> **Exercise**
For the word "Women", count the lines of the listing that contain it and give only the count.

> **Records for the exercise**
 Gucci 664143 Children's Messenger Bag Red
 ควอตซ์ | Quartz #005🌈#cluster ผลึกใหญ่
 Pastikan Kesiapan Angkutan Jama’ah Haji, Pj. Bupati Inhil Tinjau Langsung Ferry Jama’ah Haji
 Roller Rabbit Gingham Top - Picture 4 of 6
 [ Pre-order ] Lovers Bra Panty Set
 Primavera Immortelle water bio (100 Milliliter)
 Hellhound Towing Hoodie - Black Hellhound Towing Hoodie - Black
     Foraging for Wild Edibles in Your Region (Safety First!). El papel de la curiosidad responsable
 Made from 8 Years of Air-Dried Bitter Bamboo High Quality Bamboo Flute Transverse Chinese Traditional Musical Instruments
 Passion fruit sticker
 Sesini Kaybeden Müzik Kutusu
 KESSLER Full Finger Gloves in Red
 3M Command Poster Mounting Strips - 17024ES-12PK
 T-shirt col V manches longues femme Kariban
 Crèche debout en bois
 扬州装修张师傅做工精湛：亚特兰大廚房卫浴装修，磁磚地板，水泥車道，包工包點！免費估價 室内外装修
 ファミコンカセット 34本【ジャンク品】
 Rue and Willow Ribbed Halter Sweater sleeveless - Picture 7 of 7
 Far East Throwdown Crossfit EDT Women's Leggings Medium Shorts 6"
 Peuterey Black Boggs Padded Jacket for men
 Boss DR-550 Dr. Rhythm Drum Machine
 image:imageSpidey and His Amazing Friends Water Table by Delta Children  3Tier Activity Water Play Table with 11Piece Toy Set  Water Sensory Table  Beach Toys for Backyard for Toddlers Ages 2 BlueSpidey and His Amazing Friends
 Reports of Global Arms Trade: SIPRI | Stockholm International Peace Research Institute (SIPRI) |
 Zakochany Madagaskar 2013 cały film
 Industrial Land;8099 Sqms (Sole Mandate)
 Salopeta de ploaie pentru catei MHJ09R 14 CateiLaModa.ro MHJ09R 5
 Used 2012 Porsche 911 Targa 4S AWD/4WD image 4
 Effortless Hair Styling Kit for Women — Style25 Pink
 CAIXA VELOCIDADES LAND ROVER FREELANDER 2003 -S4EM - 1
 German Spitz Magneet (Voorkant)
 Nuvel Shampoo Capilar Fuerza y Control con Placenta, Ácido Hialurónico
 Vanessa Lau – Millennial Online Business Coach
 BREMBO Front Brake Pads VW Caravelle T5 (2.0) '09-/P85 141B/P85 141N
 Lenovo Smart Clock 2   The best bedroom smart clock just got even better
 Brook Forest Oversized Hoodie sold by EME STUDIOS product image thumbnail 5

> **Written answer**
2